Performing Data Matching
DataFlow Matching Operators
The DataFlow operator library contains several prebuilt fuzzy matching operators. This topic covers each of those operators and provides details on how to use them.
Covered Matching Operations
Data Matching
DataFlow Matching Operators
The DataFlow matching library provides operators to discover duplicates or links between records. This topic covers each of those operators and provides details on how to use them.
Matching Operators
Using the DiscoverDuplicates Operator to Discover Duplicates
The
DiscoverDuplicates operator can be used to discover duplicate records within a single source using fuzzy matching operators.
The first step in a matching operation is to index the input data records into groups for processing by the configured phases of field comparisons, classifiers, and filter. This indexing is useful in potentially reducing the number of records that must be compared. The output of this step in the matching operation is a stream of record pairs that must be compared, classified, and filtered.

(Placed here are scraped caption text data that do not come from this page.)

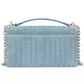 Deco Quilted Denim Mini Leather Crossbody
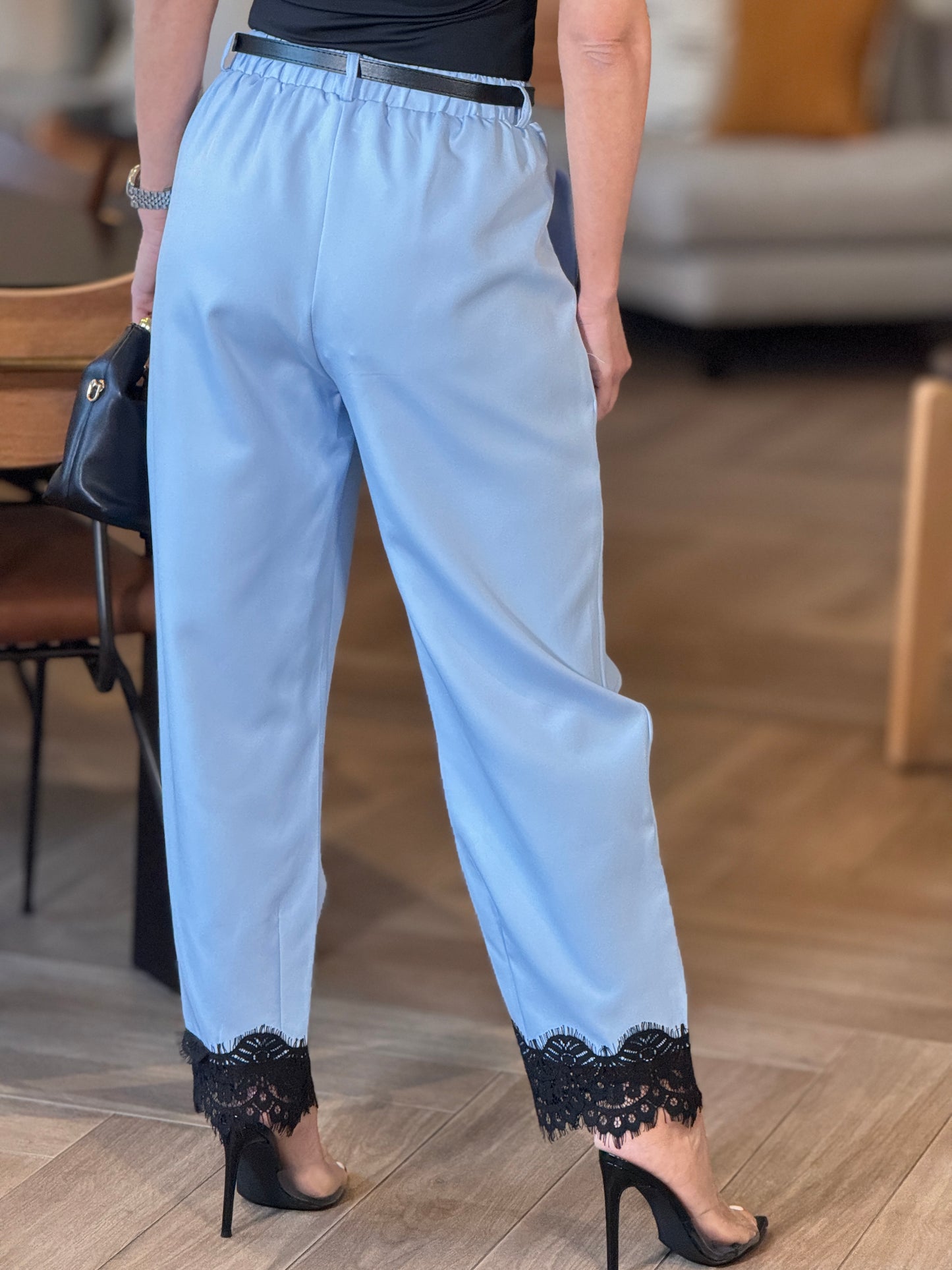 Aitana Blue/Black Lace Pants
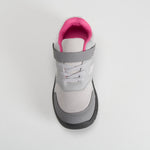 Deportiva trekking juvenil gris y rosa UTWO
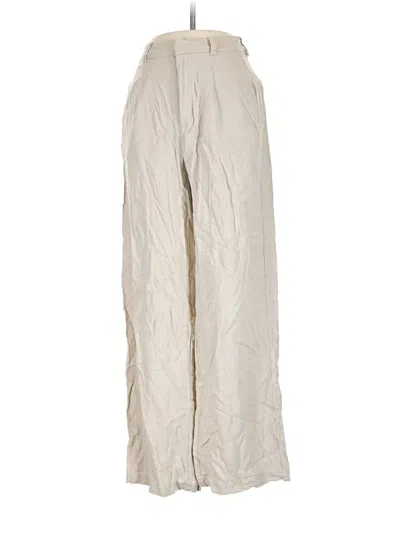 Pre-owned Stradivarius Casual Pants In Ivory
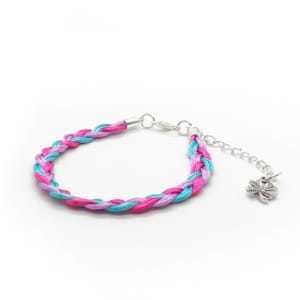 Bransoletka-z-zawieszka-koniczynka-charms-19-24cm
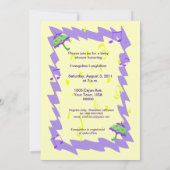 Invitation orientée de baby shower de Cajun (Dos)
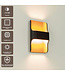 Artdelight Design LED-Wandleuchte Dallas - Schwarz/Kupfer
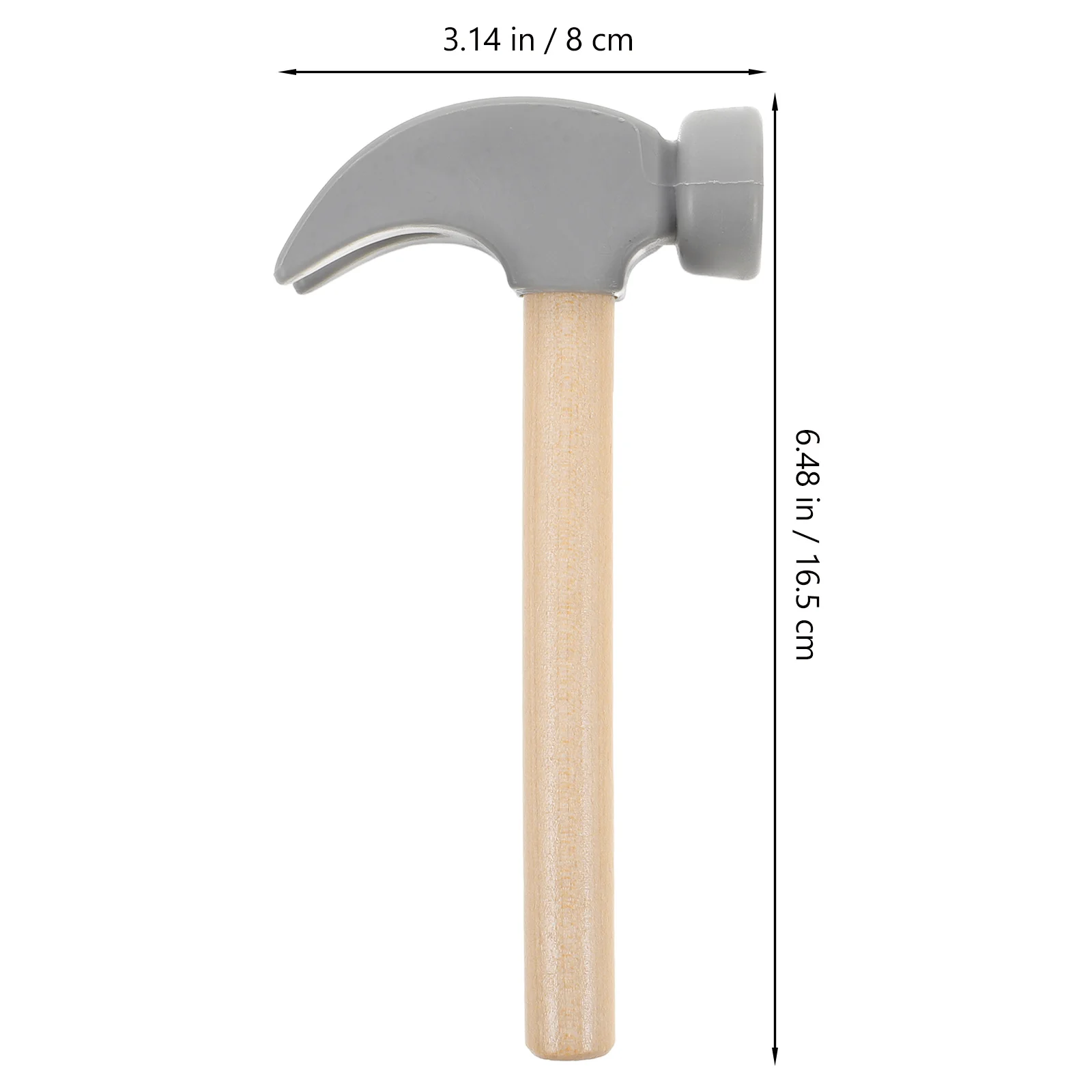 2-delige houten hamer kleine realistische constructiegereedschapset voor kinderen Motorische vaardigheden Handoogcoördinatie Stampende voor peuters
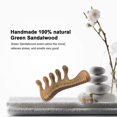 thumbnail image 1 of Green Sandalwood Wide Tooth Hair Comb Head Scalp Massage Natural Wood Hair Pick Comb for Men and Women, 1 of 4
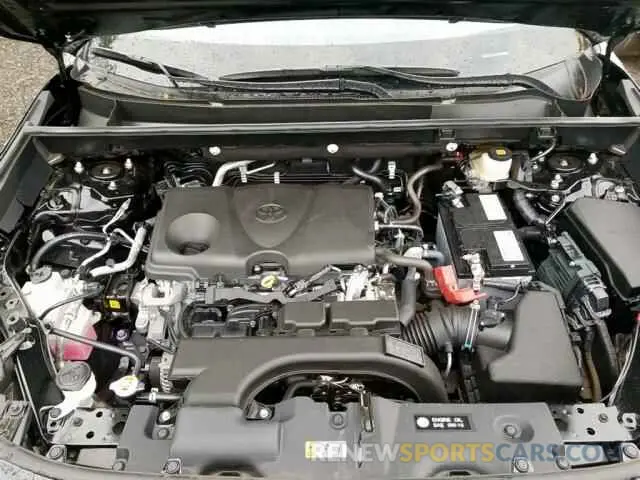 8 fotografías del automóvil dañado 2T3G1RFV5KW003140 TOYOTA RAV4 LE 2019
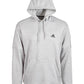 Adidas Men's Team Issue Fleece Hoodie Grey  Size Medium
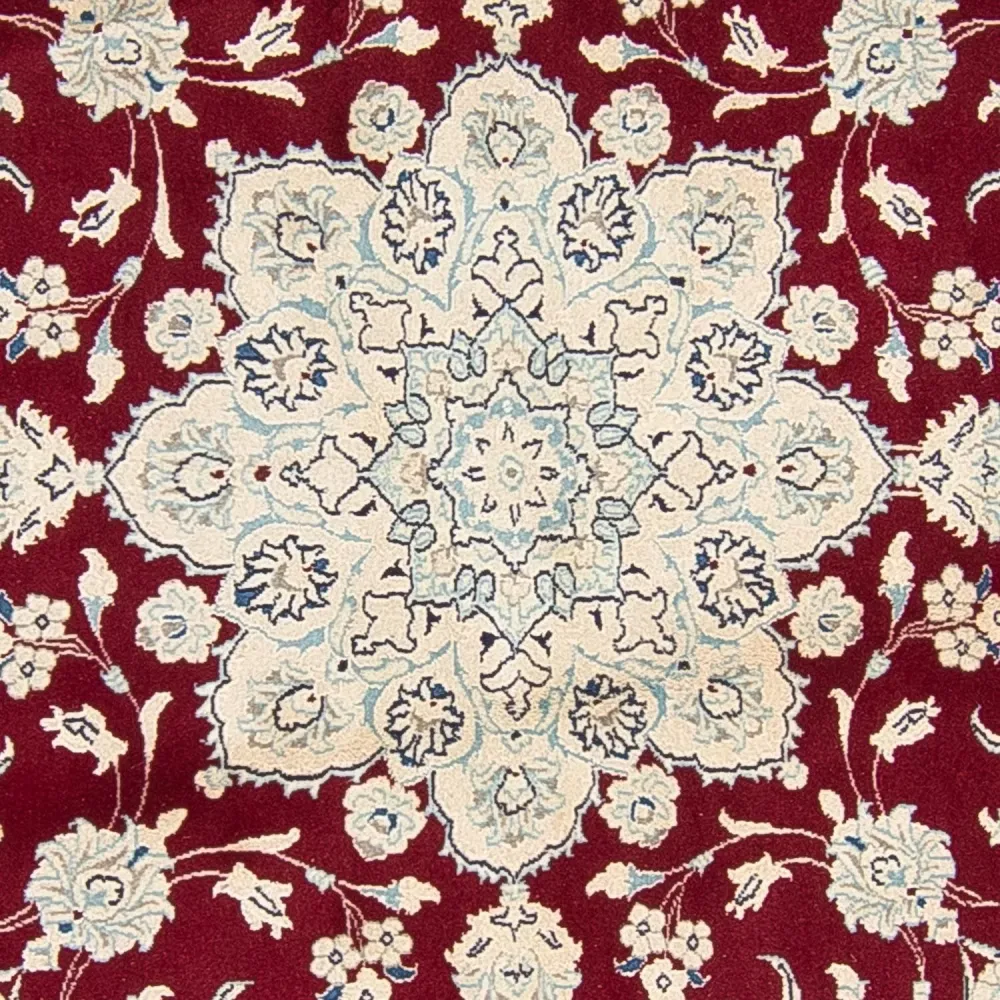 Dywan perski - Nain okrągły - 245 x 245 cm - ciemna czerwień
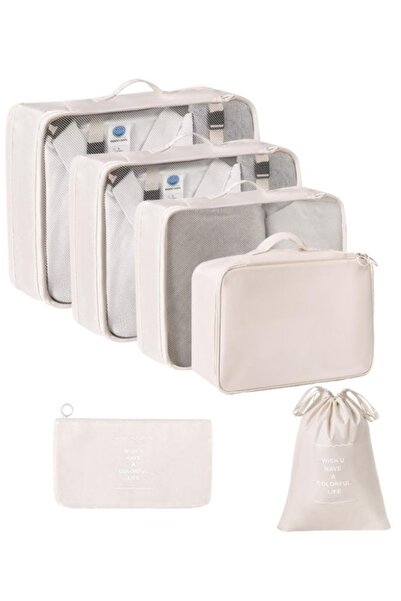 Generic 6Set Packing Cubes for Travel Luggage Organizers with Shoe & Toiletry...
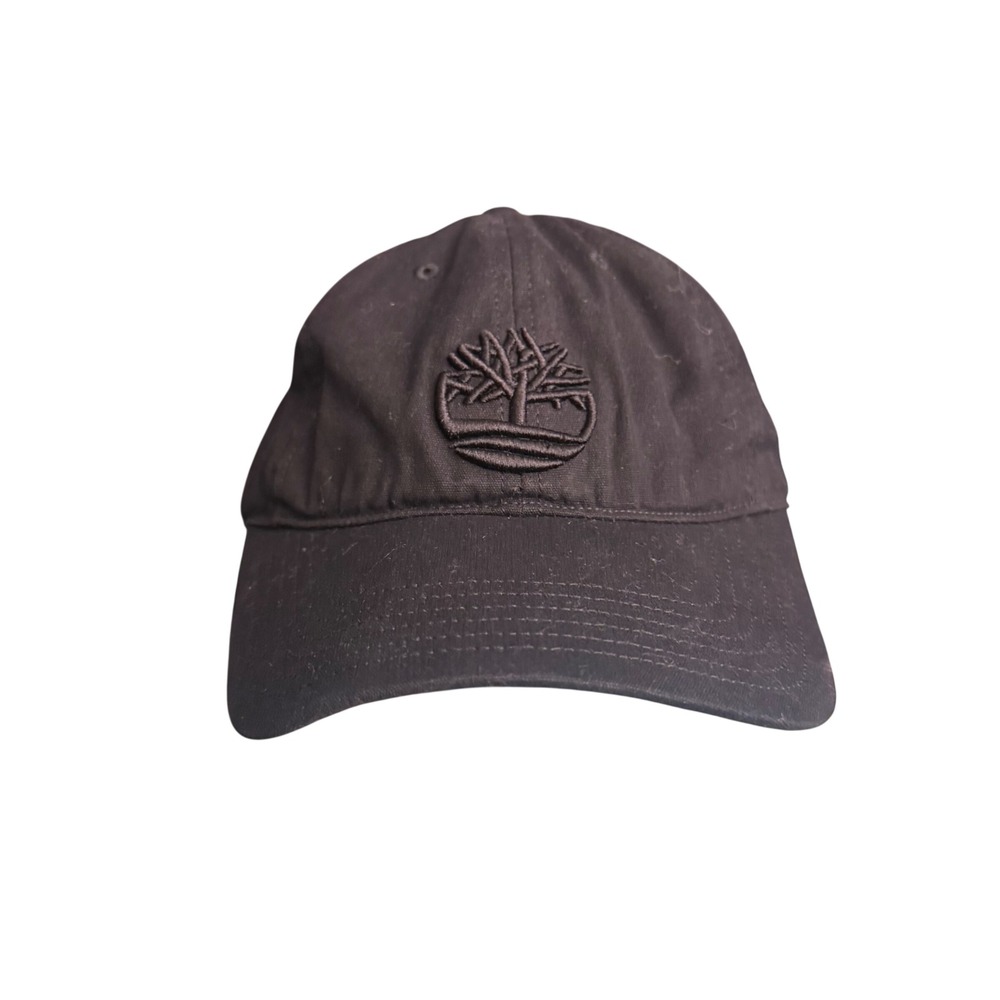 Timberland Black Tonal Embroidered Tree Logo Snapback Cap Hat Men's OSFA‎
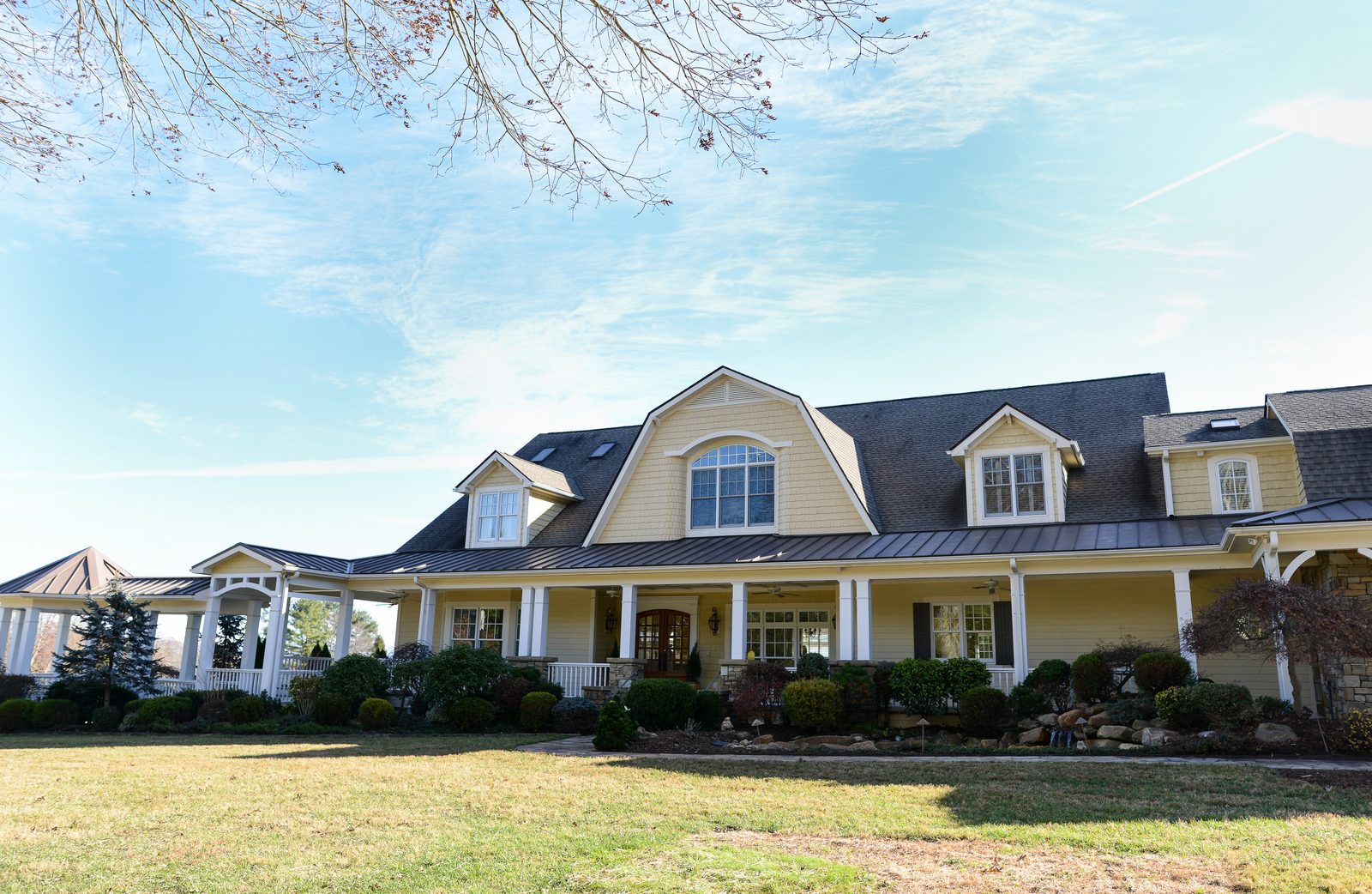 Silver Ridge Recovery estate exterior in Mills River, North Carolina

Record pair comparisons happen in configured phases. A matching operation may consist of a single phase. Each phase consists of a set of field comparisons, classifiers, and a filter. Field comparisons compare a field from each source using a fuzzy matching comparison operator. Each comparison outputs a field comparison score.
A classifier may be used to classify or aggregate multiple field scores into a single score. A classifier outputs a single value representing the composite score.
A phase may use zero to many classifiers and a classifier can be used to aggregate scores from many classifiers. A filter is the last step of a phase. The filter ensures that record pairs are pushed to the output stream only if they meet the filter criteria.The output of this matching operation is a stream of record pairs that are deemed to be likely matches. Each record pair will contain a record score that determines the strength of the match on the spectrum from zero to one. A score approaching zero is an unlikely match. A score approaching one is a very likely match.
Code Example
This example uses the accounts data set to try and find duplicates using a set of fuzzy matching rules.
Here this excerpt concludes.